Semiconductors are widely used photocatalysts, such as TiO2, ZnO, ZnS, Fe3O4, CdS, C3N4 and many others (Chen et al. 2020; Cui et al. 2018; Davar et al. 2015; Hu et al. 2020; Mahmoodi 2014; Saravanan et al. 2016; S. Wang et al. 2014; Ye et al. 2012). But among widely explored are TiO2 and ZnO. But problems associated with semiconductors are wide bandgap, nonmagnetic nature. Because of these properties, semiconductors can be only used with UV radiation and are difficult to remove after completion of degradation, while this problem can be resolved by using spinel catalyst which has a narrow bandgap, and if ferrite spinels are used it shows better magnetic properties than semiconductors (Eiichi et al. 2003; Kirankumar and Sumathi 2020).
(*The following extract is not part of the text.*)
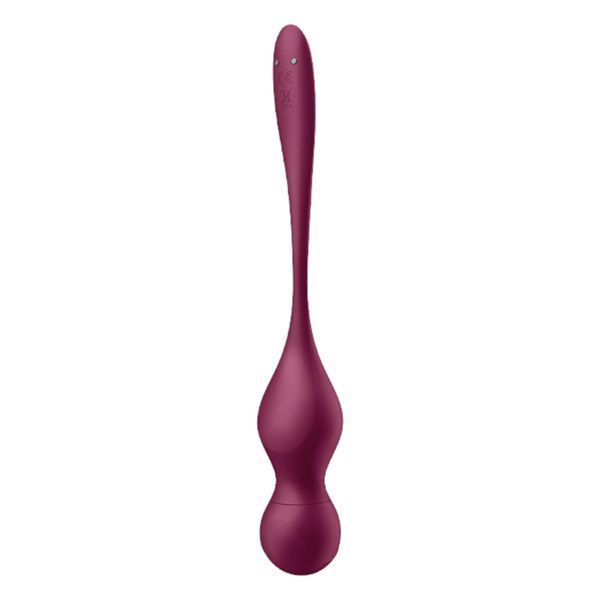 Вагінальні кульки Satisfyer Love Birds Vary, 22.2 (бордовий) 73016 фото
While even spinels are not as effective as semiconductors even under UV radiation, combination can be a promising solution to the hurdles of both types of catalysts (Mamba and Mishra 2016). Composites of semiconductors and spinel have advantages of easy separation, utilize almost whole UV and visible spectrum of sunlight which is nearly 50% (combine) of sunlight, higher surface area and a large number of active sites (Gawande et al. 2015; Govan and Gun’ko 2014; Johnson 2017; Parsons et al. 2009; Sun et al. 2019; Wang and Astruc 2017; Zhang et al. 2010).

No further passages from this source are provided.